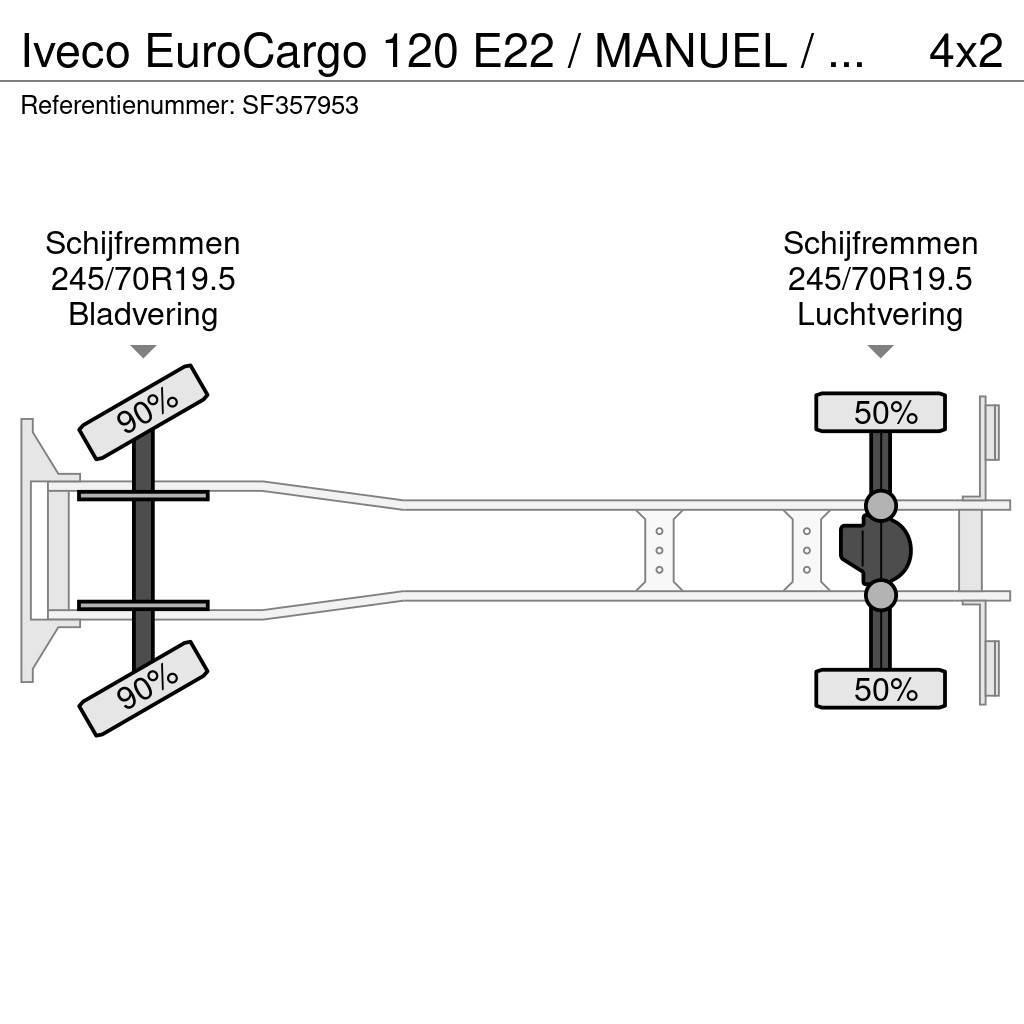 Iveco EuroCargo 120 E22 / MANUEL / EURO 5 / AIRCO Umpikorikuorma-autot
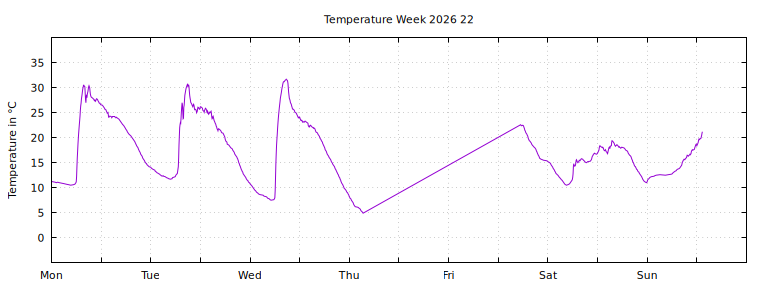 [Temperature this week graph]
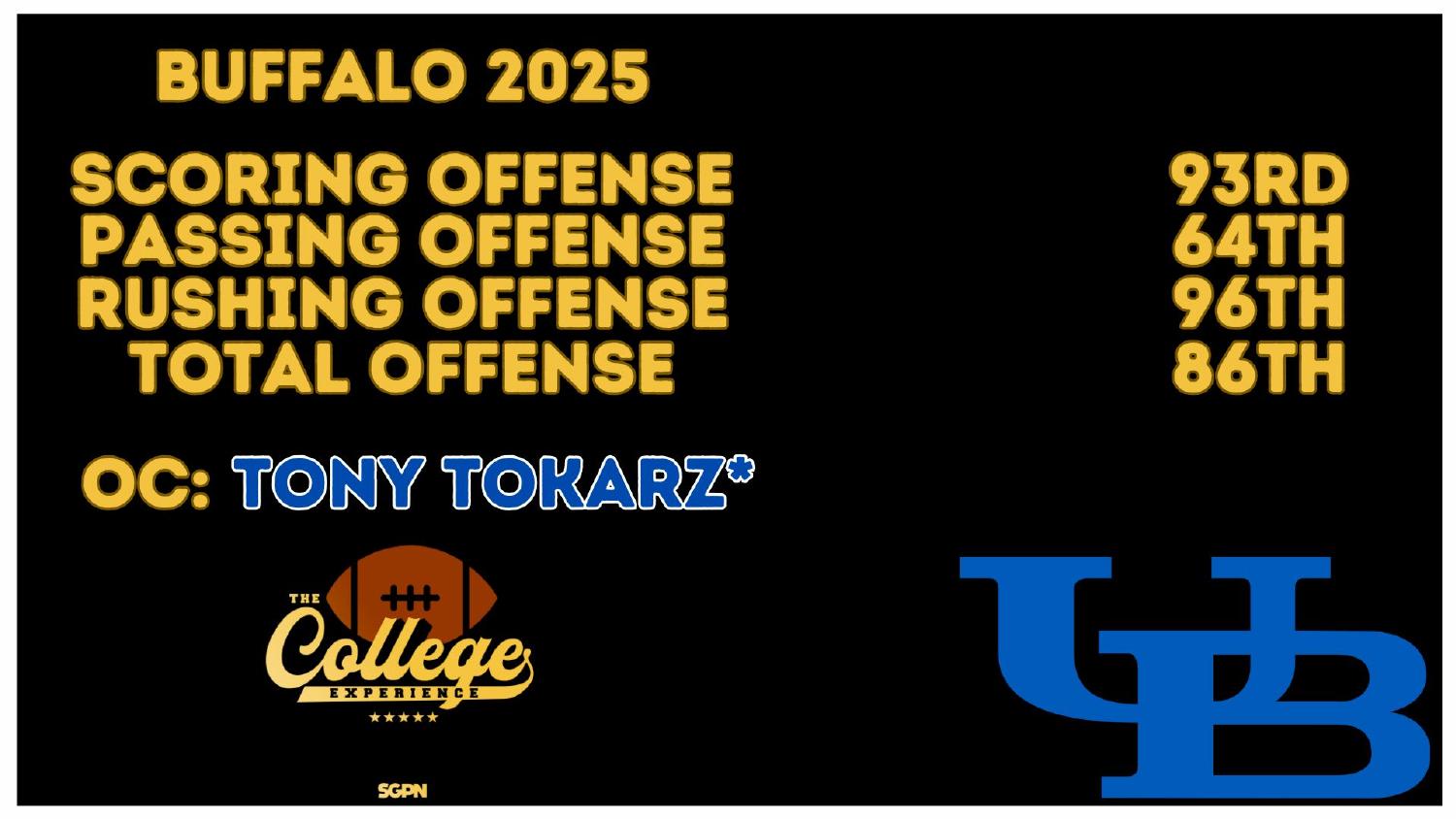 Buffalo Bulls 2026 preview of an offense ranked 86th total and 93rd scoring under coordinator Tony Tokarz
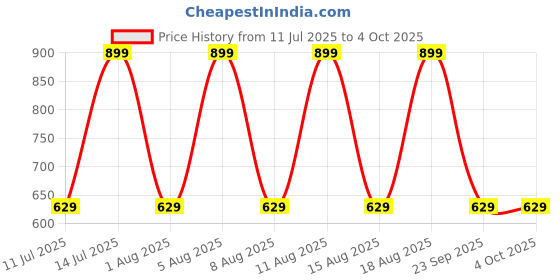 myntra.com max Men Mid Rise Joggers max Price History Graph from 11 Jul 2025 to 4 Oct 2025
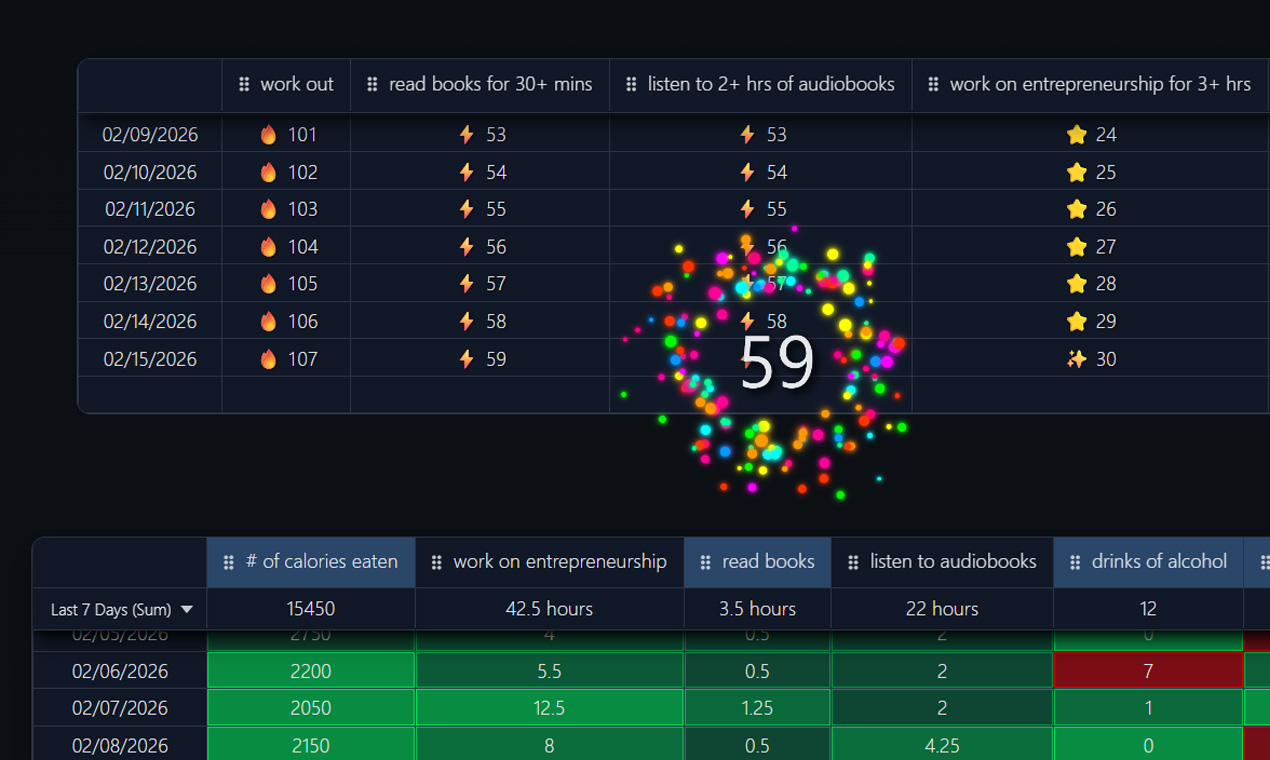 매우 간단한 습관 추적기 - 습관 연속 구축 및 일일 성과 추적 미디어 4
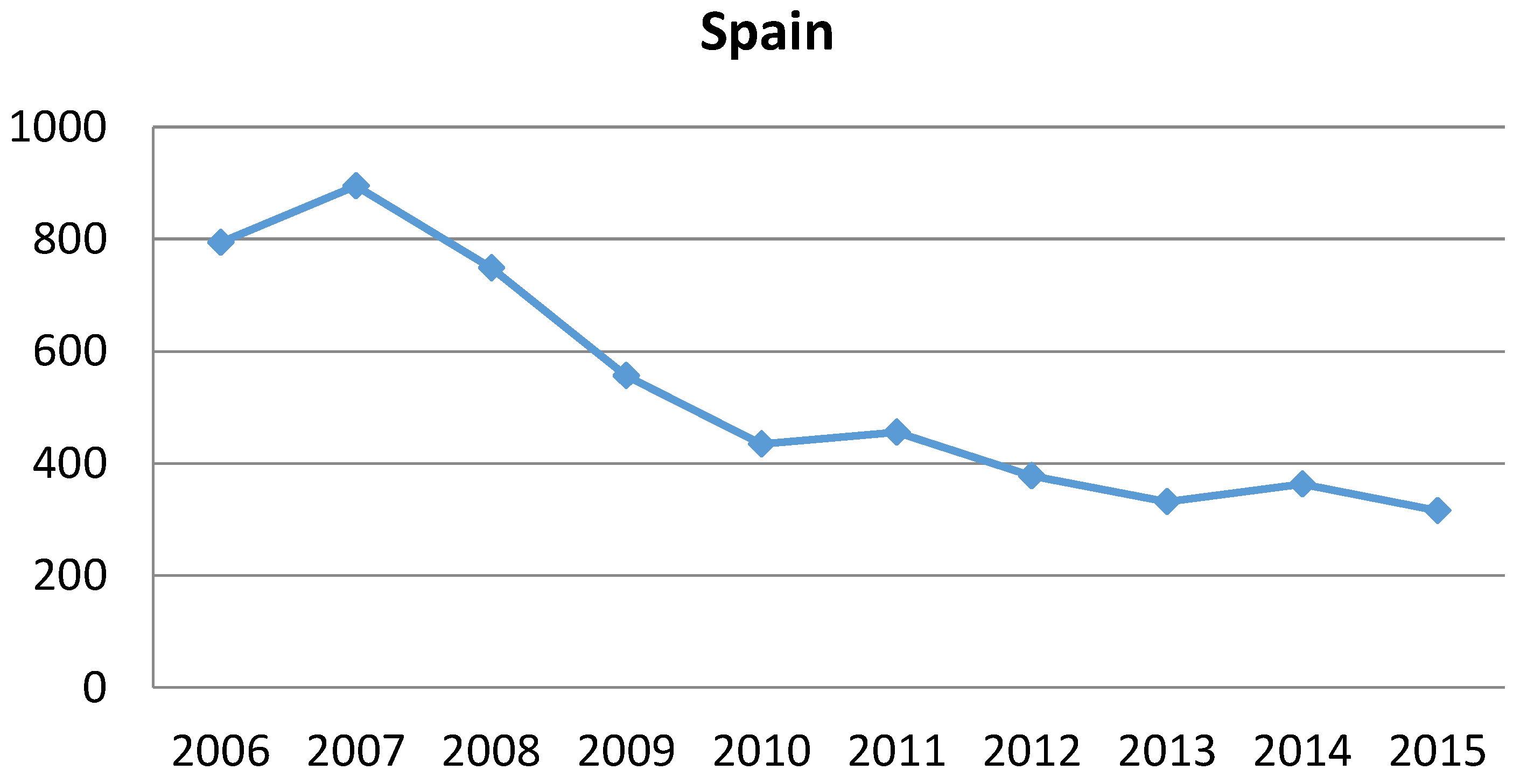 Socsci 06 00008 g002 550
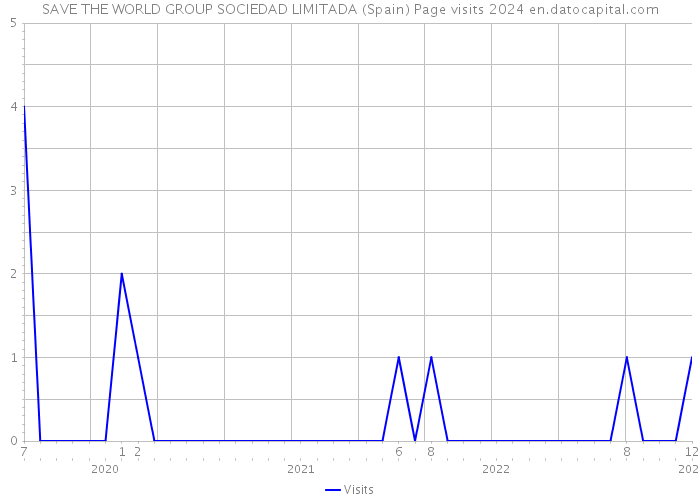 SAVE THE WORLD GROUP SOCIEDAD LIMITADA (Spain) Page visits 2024 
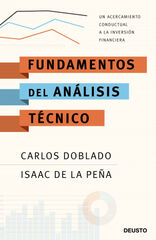 Fundamentos del análisis técnico Fundamentos del análisis técnico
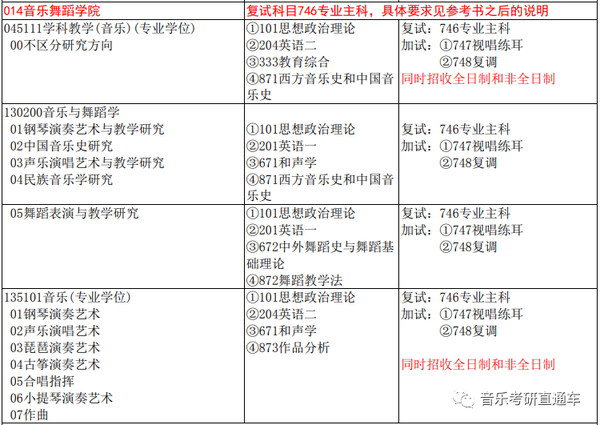 音乐考研 河南师范大学音乐舞蹈学院2020年硕士研究生专业目录和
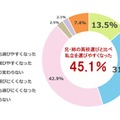 直近で高校に進学した兄・姉の高校選びと比べて、現在中学3年生の子供は、私立高校を選びやすくなったと感じるか
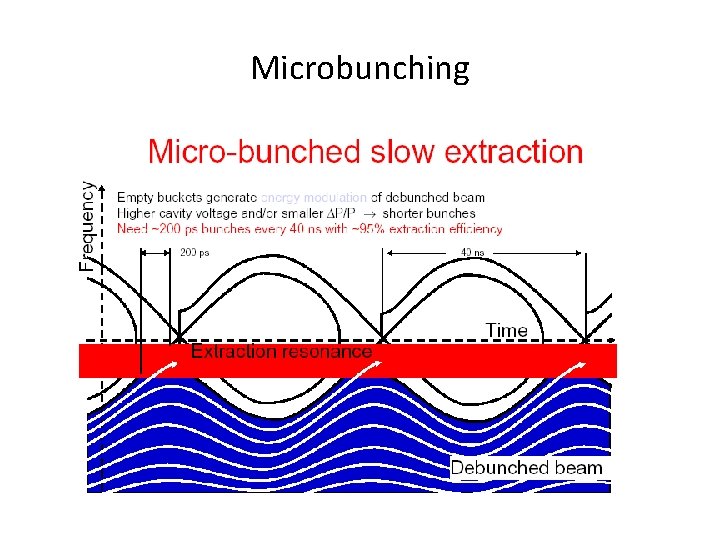 Microbunching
※
### About this task:
An exact reproduction of the lines from the line containing "Socsci 06 00008 g002 550" through the end of the listing above is needed; pictures stay out.

### Response to this exercise:
 Socsci 06 00008 g002 550
 SAVE THE WORLD GROUP SOCIEDAD LIMITADA (Spain) Page visits 2024 
 Fundamentos del análisis técnico Fundamentos del análisis técnico
 音乐考研 河南师范大学音乐舞蹈学院2020年硕士研究生专业目录和
 直近で高校に進学した兄・姉の高校選びと比べて、現在中学3年生の子供は、私立高校を選びやすくなったと感じるか
 Microbunching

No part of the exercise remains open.